Data:
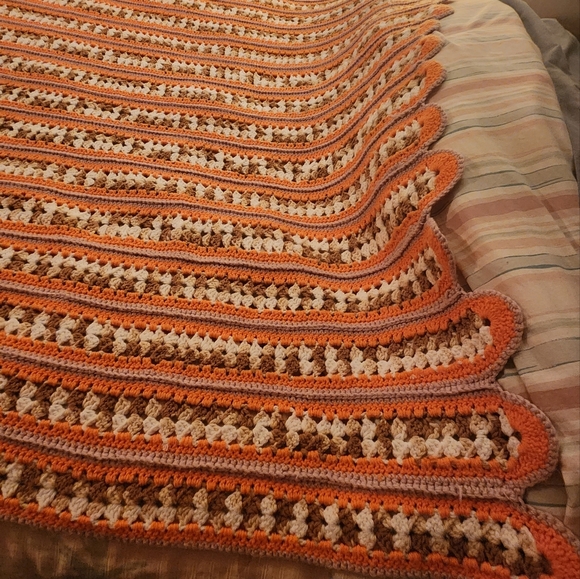 Vintage Handmade Crochet Blanket - Picture 6 of 11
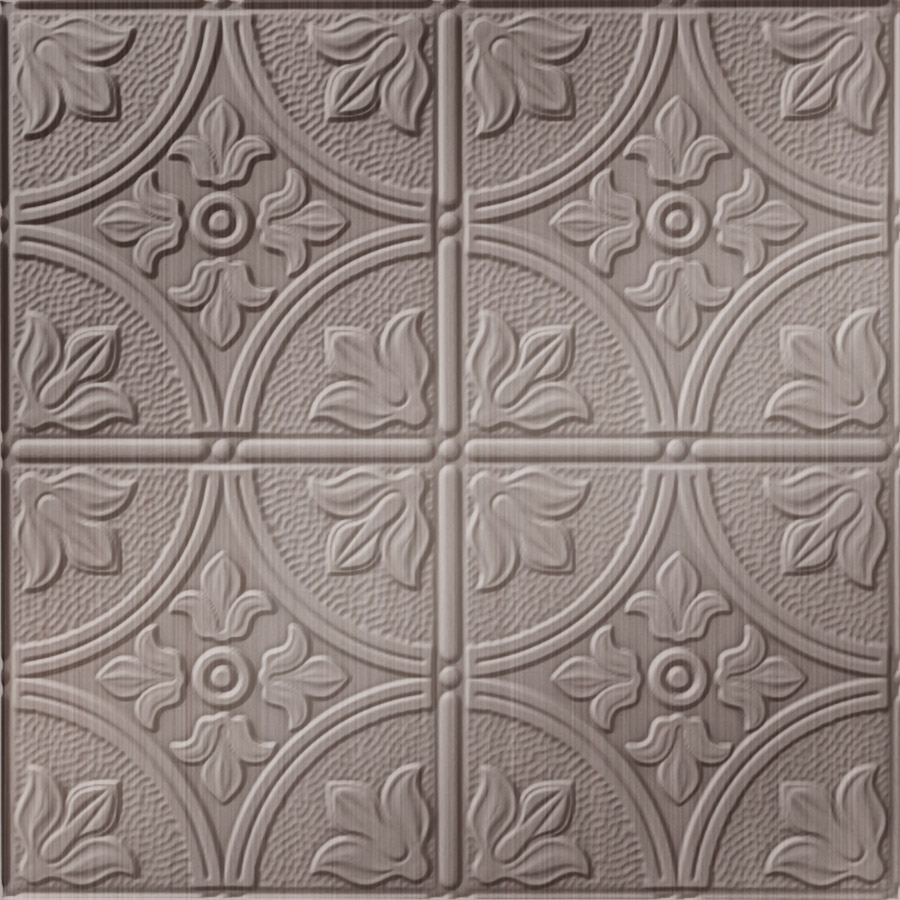 MirroFlex Ceiling Tiles Boston Brushed Nickel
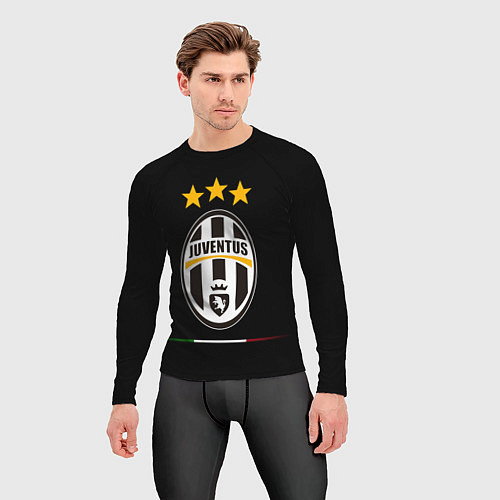 Мужской рашгард Juventus: 3 stars / 3D-принт – фото 3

Exercise requirements: Omitting the images, copy the listing exactly.

Output of the task:
 Vintage Handmade Crochet Blanket - Picture 6 of 11
 MirroFlex Ceiling Tiles Boston Brushed Nickel
 Мужской рашгард Juventus: 3 stars / 3D-принт – фото 3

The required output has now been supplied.